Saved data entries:
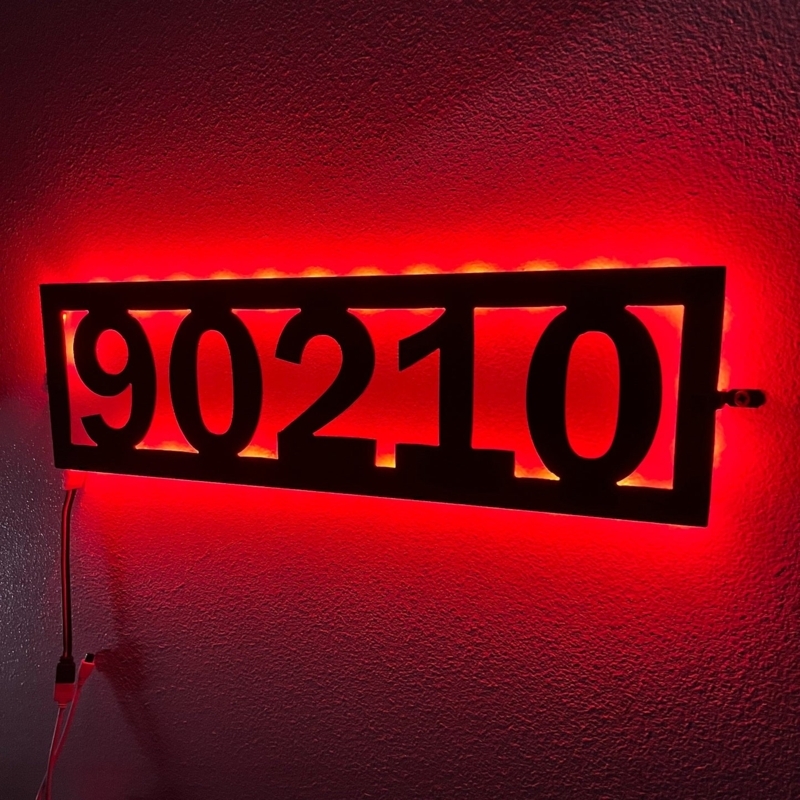 LED Backlit House Numbers, Modern Illuminated Address Sign Vertical / 6 Numbers - 20" x 5"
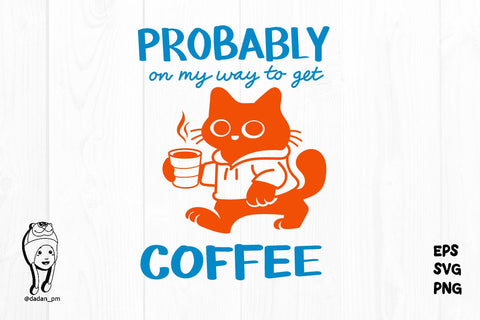 Funny Coffee Cat Hand-Drawn Png Svg SVG dadan_pm 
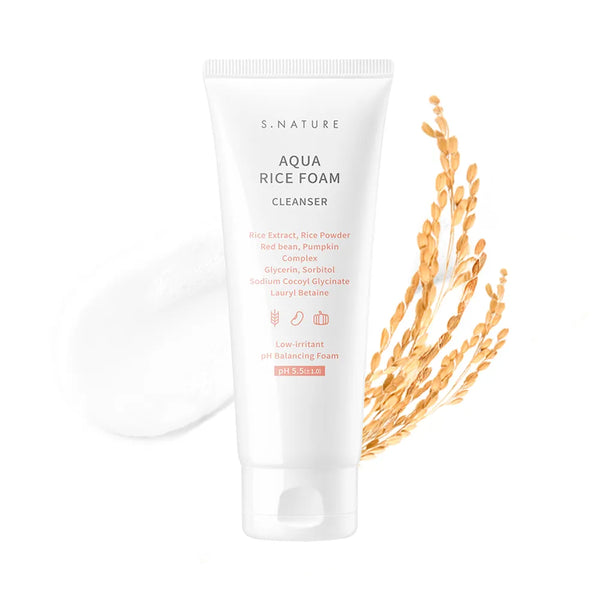 S.NATURE - Aqua Rice Foam Cleanser - Jemná čisticí pěna s rýžovým extraktem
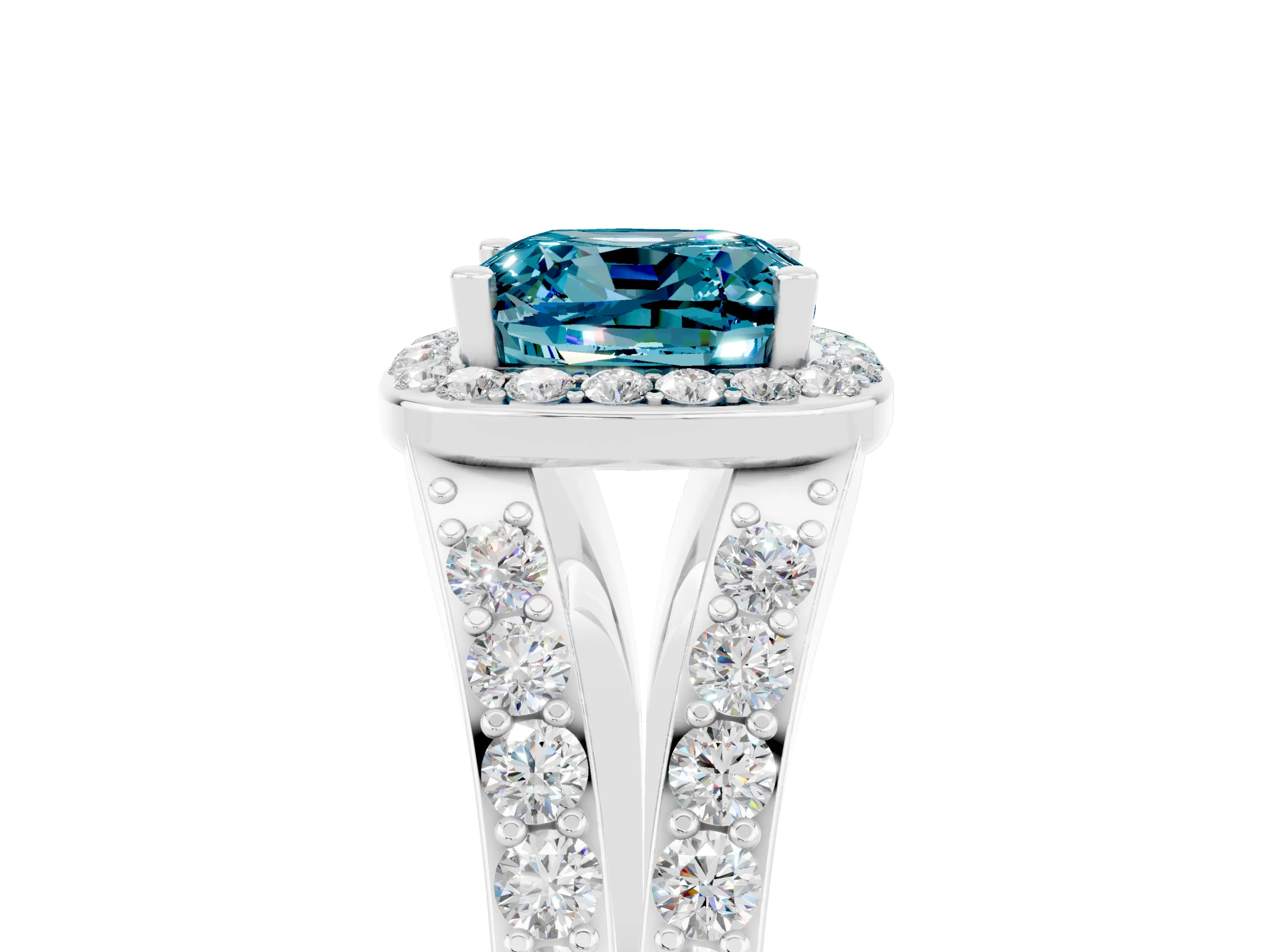 White gold Cushion Cut Blue Topaz Split Shank Halo Ring with Four-Prong Setting_17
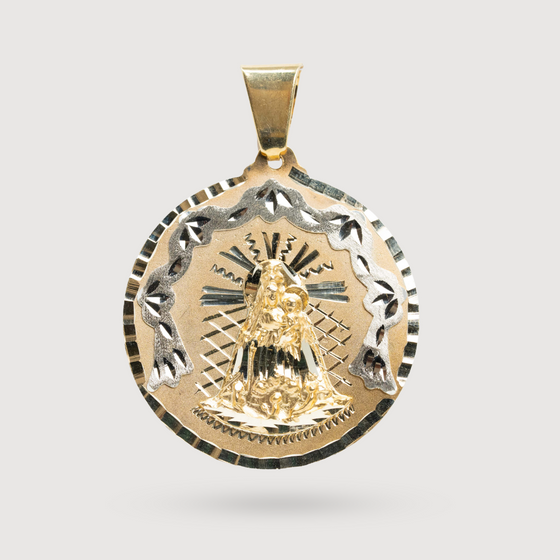 Shop Circular Caridad Del Cobre in expertly crafted 14k Solid Yellow Gold 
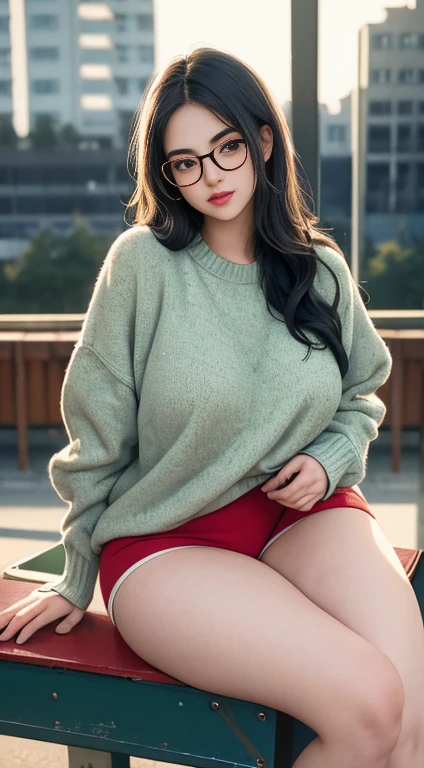 1 young woman, long wavy black hair, big round eyeglasses, thin lips, round face, wearing an oversized green sweater covering her thighs, large breasts, wide hips, thick thighs, striped ballet socks up to the thighs, red sporty sneakers, sitting in the bleachers of an athletics field, (best quality,8k,highres,masterpiece:1.2),ultra-detailed,(realistic,photorealistic:1.37),intricate details,studio lighting,extremely detailed,professional,vivid colors,bokeh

» **The problem**: Pictures stay out. Print the data exactly, from its first line through the line containing "Shop Circular Caridad".

» **Solution**:
 LED Backlit House Numbers, Modern Illuminated Address Sign Vertical / 6 Numbers - 20" x 5"
 Funny Coffee Cat Hand-Drawn Png Svg SVG dadan_pm 
 S.NATURE - Aqua Rice Foam Cleanser - Jemná čisticí pěna s rýžovým extraktem
 White gold Cushion Cut Blue Topaz Split Shank Halo Ring with Four-Prong Setting_17
 Shop Circular Caridad Del Cobre in expertly crafted 14k Solid Yellow Gold 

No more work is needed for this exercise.